Given a set $U$, some finite number ($n\in\mathbb{N}$) subsets $A_i$, and $n$ constants $c_i$, is there a subset $X\subseteq U$ such that $|X\cap A_i|=c_i$ for $i$ ranging all $n$ values?

First we prove that intersection inference is in NP. Suppose we have a solution $X \subseteq U$. In order to verify that $X$ is indeed a solution, we perform the $m$ intersections of $X$ with $A$ and confirm that $|X \cap A_i| = c_i$. Set intersection can be performed (naively) in $O(|X|\cdot|A_i|)$ time, so this process is indeed polynomial and clearly yields the correct answer. Thus intersection inference is in NP.
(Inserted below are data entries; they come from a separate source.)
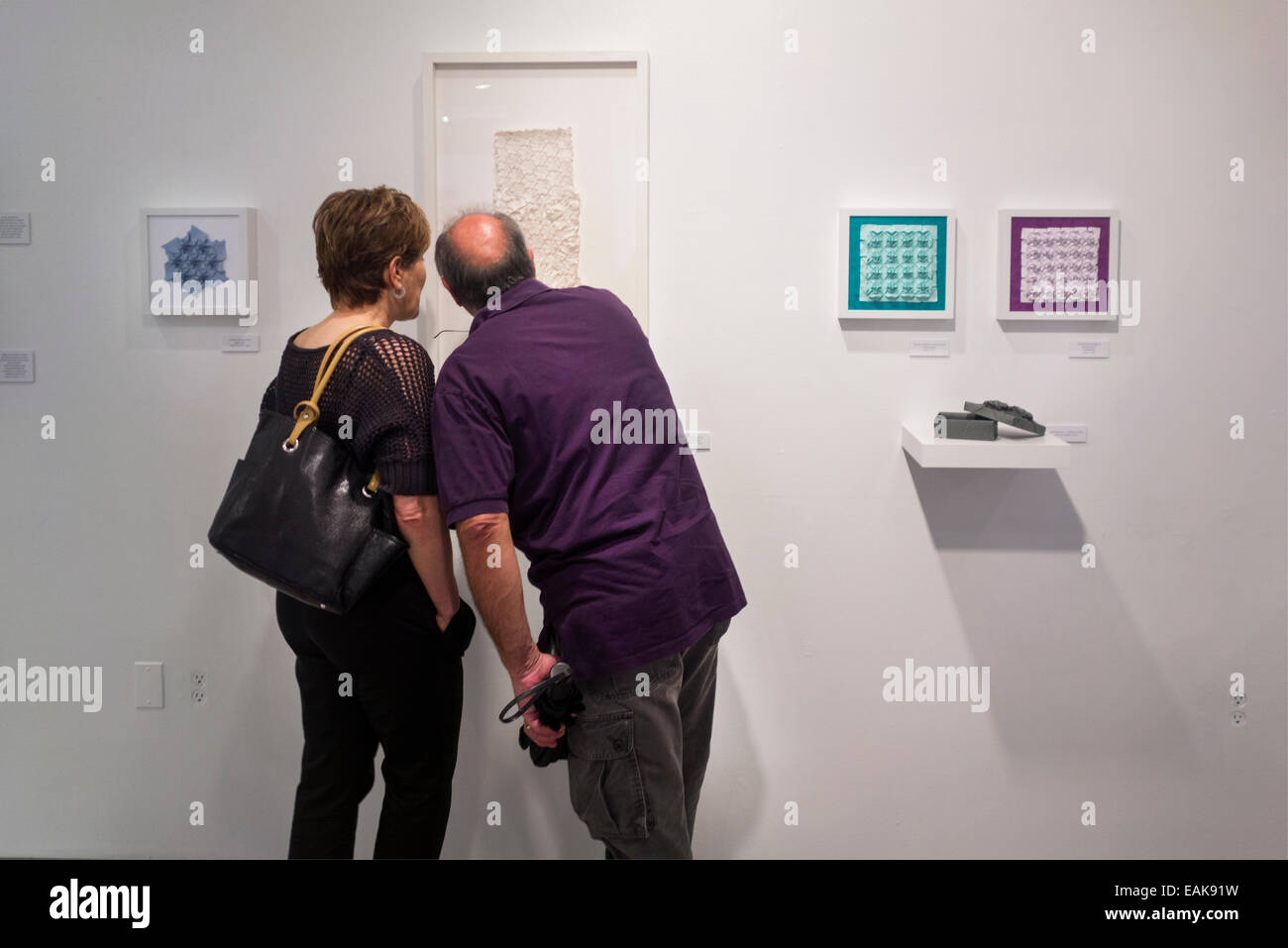 origami exhibition at Cooper Union in NYC Stock Photo Alamy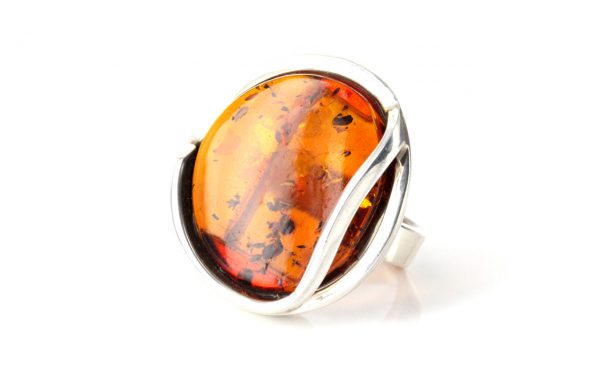 Handmade German Antique Baltic Amber Elegant Ring 925 Silver WR176 RRP£135!!!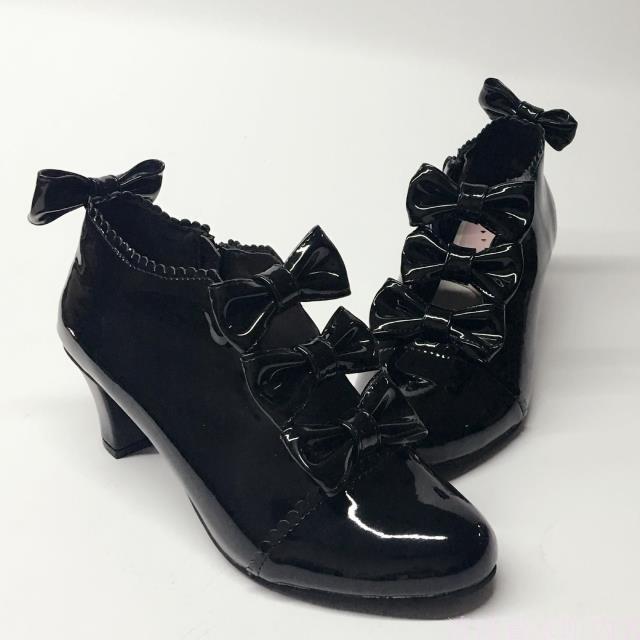 6.3cm High Heels Bright Black Bow Pumps Princess Lady Lolita Shoes Antaina Party Lolita Shoes with Inside Zip, Silver
6.3cm High Heels Bright Black Bow Pumps Princess Lady Lolita Shoes Antaina Party Lolita Shoes with Inside Zip, Silver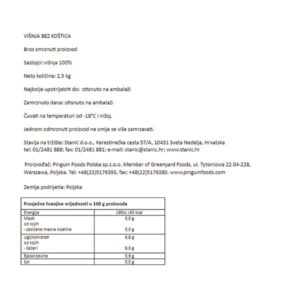 VIŠNJA|2,5 kg|BAKINA KUHINJA - Slika 2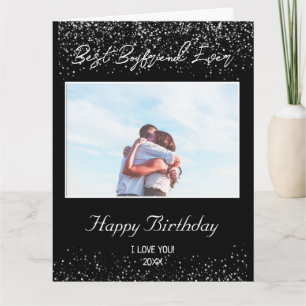 Cartão Foto Personalizada Feliz Aniversário Melhor Beyfri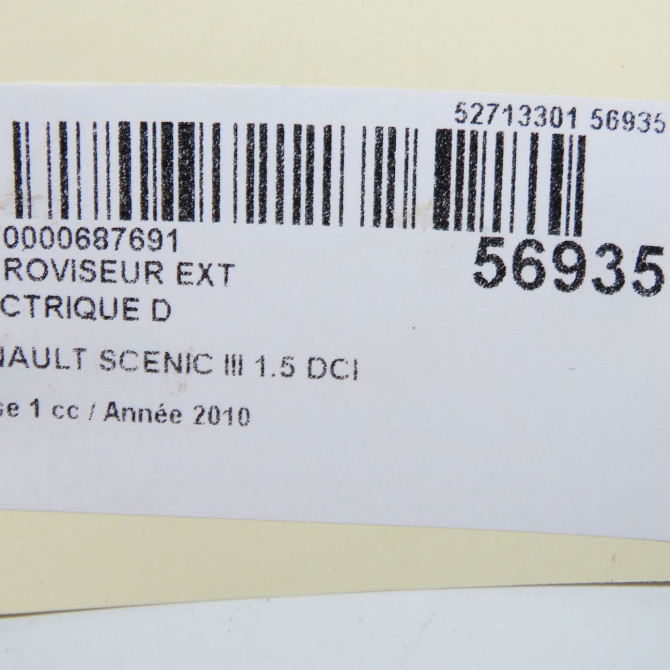Retroviseur exterieur electrique droit occasion RENAULT SCENIC III Phase 1 04-2009->11-2011 1.5 DCI 105ch 963017468R 6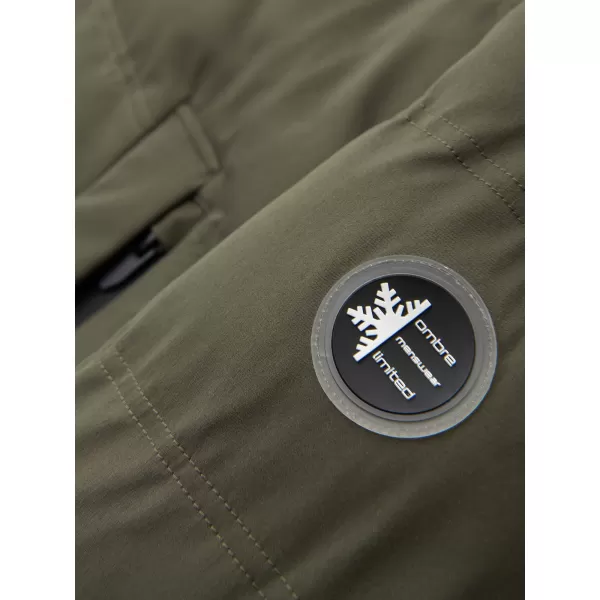  Moška parka OMBRE OM-JALJ-0310 TEMNO OLIVNO 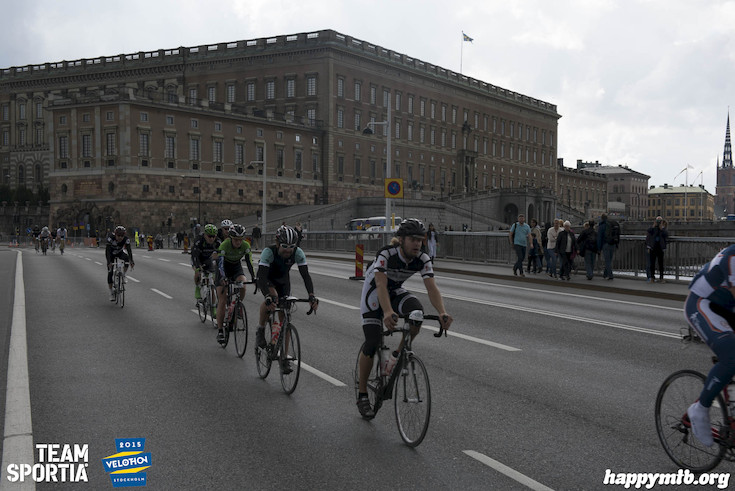 Bild från Velothon Stockholm 2015 - Slottet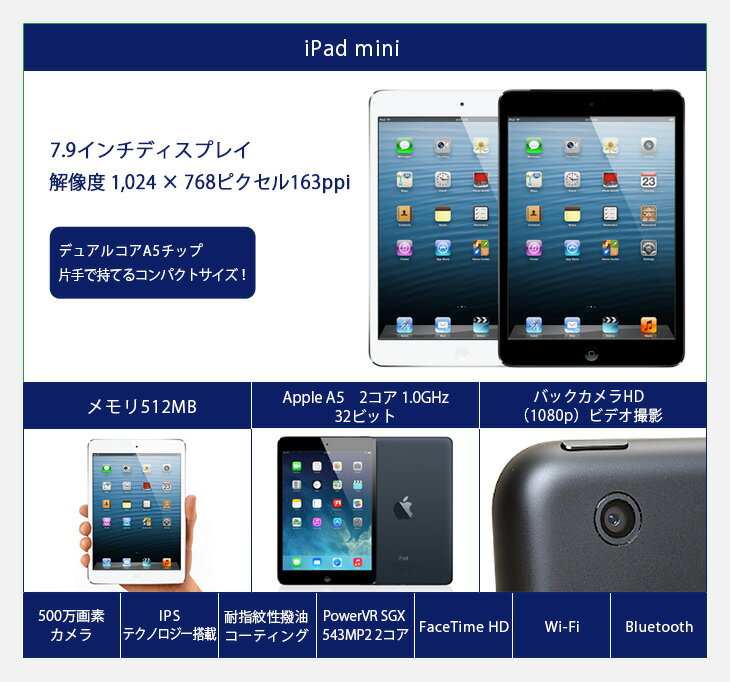 Wi-Fiモデル iPad mini ホワイト&シルバー16GB 本体[Cランク] iPad 中古 送料無料 当社3ヶ月保証 - Image 2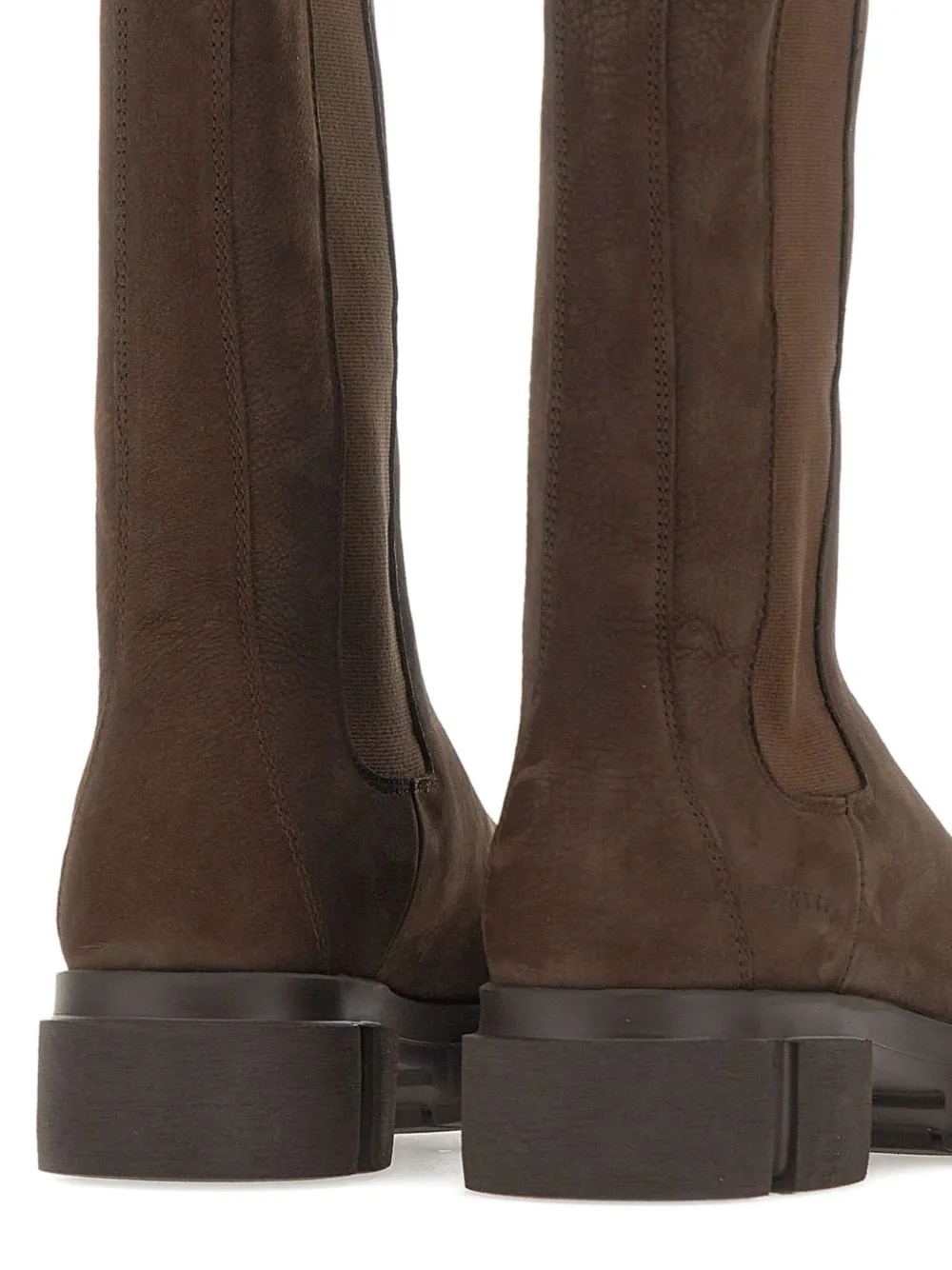 Copenhagen Studios 50mm Elasticated Platform Boots In Brown
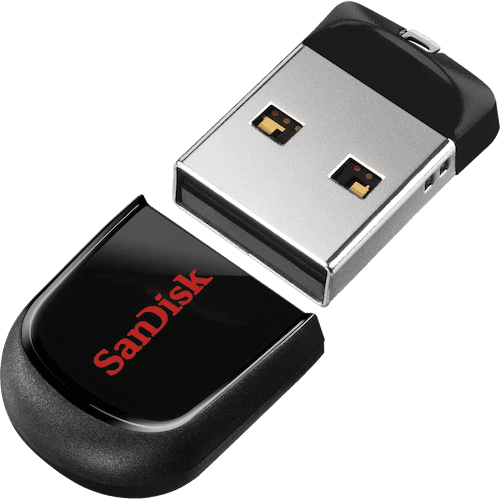 SanDisk Cruzer Fit 64GB USB Flash Drive, computers flash storage, SanDisk - Pictureline - 3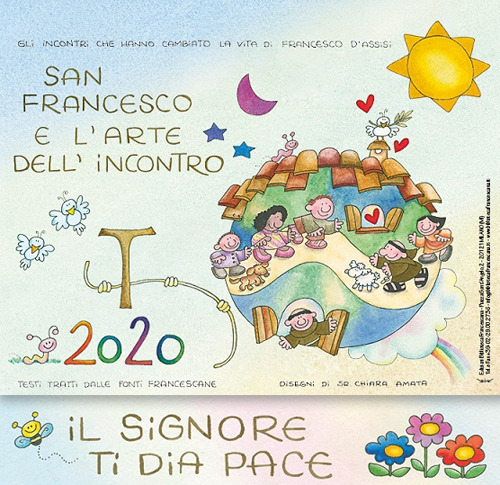 Calendario da tavolo 2020. San Francesco e l'arte dell'incontro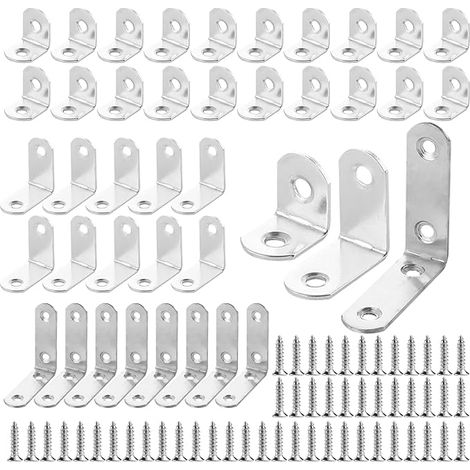Metal Brackets with Screws 3 Sizes (1/5)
To prove intersection inference is NP-complete, we will show a reduction from 3-dimensional mapping to the intersection inference problem. With an arbitrary instance of the 3-dimensional mapping problem defined as sets $X, Y, Z, T$ such that $X\cap Y = X\cap Z = Y\cap Z = \varnothing$, $|X|=|Y|=|Z|=n\in\mathbb{N}$ and $T\subseteq X\times Y\times Z$. To reduce this to the intersection inference problem, let $U = T$, and define $\lbrace A_1, A_2, ..., A_n\rbrace$ to be the subsets of triples that contain $x_1, x_2, ..., x_n \in X$ respectively. Define in a similar manner from $n+1$ to $2n$ for $y_i\in Y$ and from $2n+1$ to $3n$ for $z_i\in Z$. Finally define $A_0 = T$. The constraints are $c_0 = n$ and $c_i = 1$ for $i \in \lbrace 1,2,...,n\rbrace$. We can see that to create these subsets takes $O(n^3)$ time in the rather straightforward manner of iterating over $T$'s elements to divvy up the elements into arrays representing $A_i$.

Through this construction we can see that exactly $n$ triples must match, and only one triple can contain each specific element in $X\cup Y\cup Z$. Thus if there exists a solution to this intersection inference problem, the solution is exactly the $n$ triples that satisfy the 3-dimensional matching problem. If there does not exist a solution, then at least one constraint was not satisfied, meaning at least one element in $X\cup Y\cup Z$ was not covered, or all elements were covered with some redundancies. Thus the reduction is correct and intersection inference is NP-complete because a known NP-complete problem was poly-time reducible to the intersection inference problem which is in NP.